# Which Pier?



## PA-Salt920 (May 9, 2019)

Hi guys. The Mrs. and I try to make a trip to the Gulf a few times per year for the awesome fishing opportunities - in the past year we've fished Marco Island twice and Panama City.

At the end of this week, we're staying in Orange Beach - this is the first time for both of us. We plan on surf fishing for pompano/whiting most of the time.

One day though we want to pier fish for a bit to try to find some Spanish Mackerel. My question is which Pier is best for Spanish - Gulf Shores, Navarre, or Pensacola? 

Thanks for the help! I'll be sure to post some reports/photos in the reports section.


----------



## Psych0 (Jul 5, 2018)

If you are already going to be in Orange Beach go to the rock jetty next to the Grand Pointe condo. You will load up on Spanish if they are running


----------



## ChileRelleno (Jul 7, 2012)

The Gulf State Park Pier is the only one I bother to fish.

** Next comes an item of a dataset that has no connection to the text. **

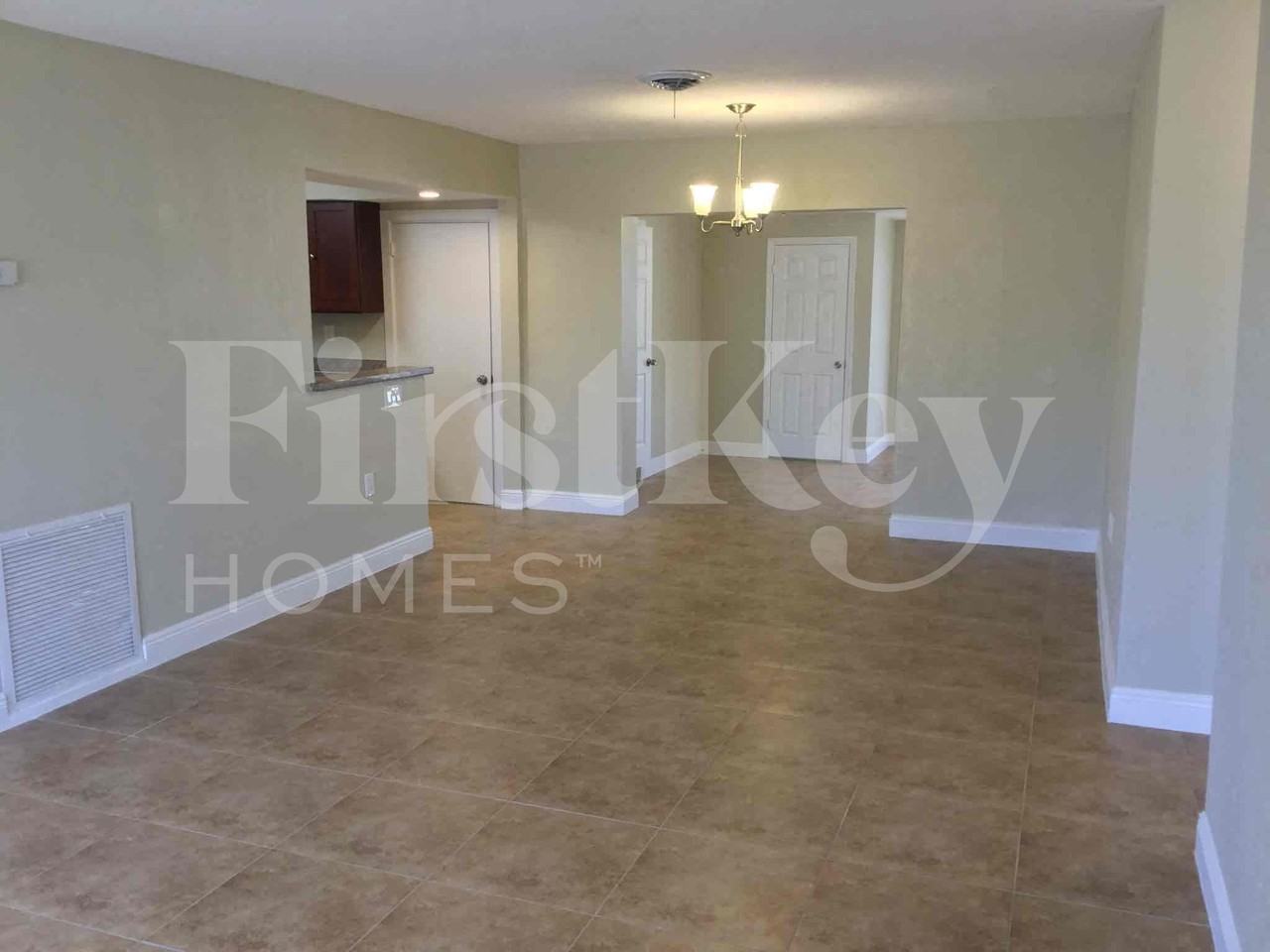 7361 Arthur St - Photo 2 of 22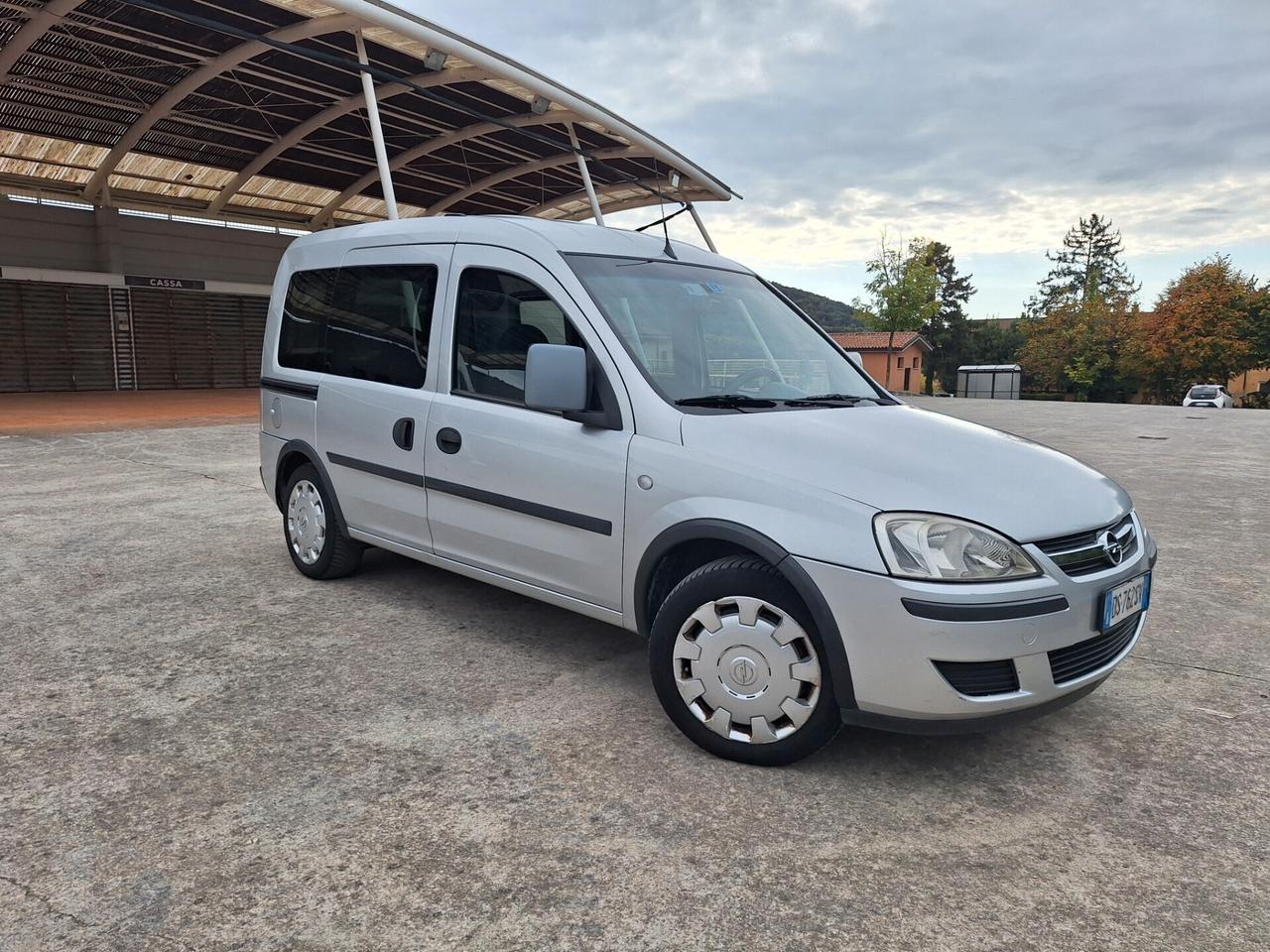 Opel Combo 1.6 CNG Metano 5p. GANCIO TRAINO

Pomps and Specks in the shallows, along with others.
Spaniards and more in the Draw between the Octi and Mid.
Kings and Spanish on the Octi plus more.
Reds are starting to come by in schools, half the pier can hook at once.


----------



## PA-Salt920 (May 9, 2019)

Okay awesome! Thanks. I won't make the drive to Florida then. I'll fish the jetties and Gulf Shores Pier. Thanks a lot!

Do the tides matter as much on the pier?


----------



## specktackler57 (May 15, 2011)

Yes try to gush incoming. Google tides for fishing . Good site.


----------